* **Work item**: Consider the listing below. Extract exactly the lines from the line containing "Jojo Watercolor Maxi Skirt" to the line containing "Seaport Village east San Diego Bay", both included.

* **Recorded information**:
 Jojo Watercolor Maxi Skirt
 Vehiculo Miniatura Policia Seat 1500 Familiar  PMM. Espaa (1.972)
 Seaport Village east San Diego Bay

--

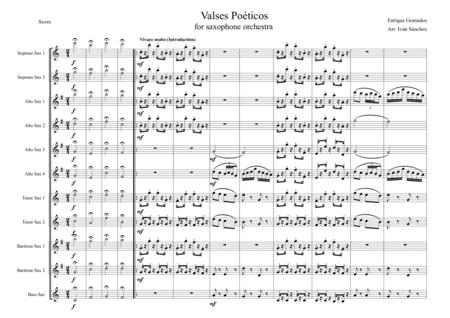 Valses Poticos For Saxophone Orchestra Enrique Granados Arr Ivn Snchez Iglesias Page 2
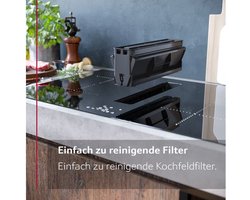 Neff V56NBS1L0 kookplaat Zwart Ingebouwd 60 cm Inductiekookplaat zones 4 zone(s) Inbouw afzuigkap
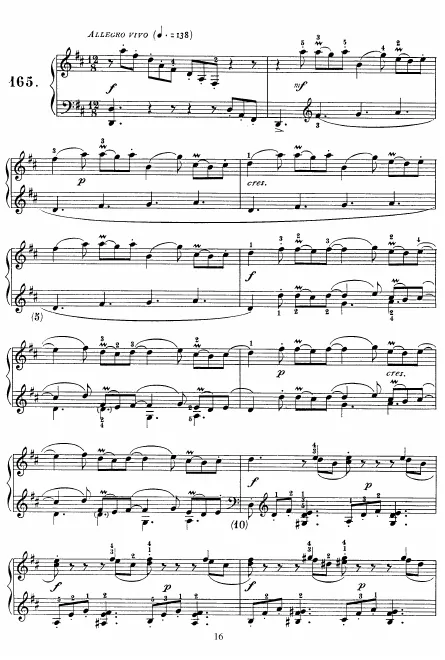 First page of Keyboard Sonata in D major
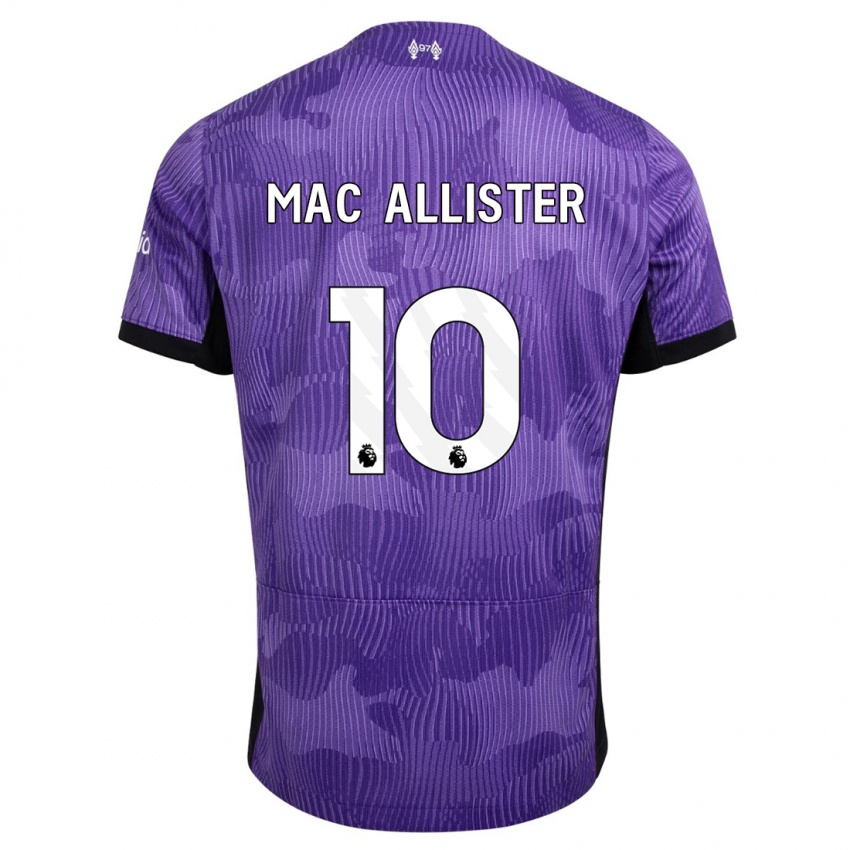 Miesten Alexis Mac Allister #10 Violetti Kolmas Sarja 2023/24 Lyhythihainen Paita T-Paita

* **Response below**:
 Jojo Watercolor Maxi Skirt
 Vehiculo Miniatura Policia Seat 1500 Familiar  PMM. Espaa (1.972)
 Seaport Village east San Diego Bay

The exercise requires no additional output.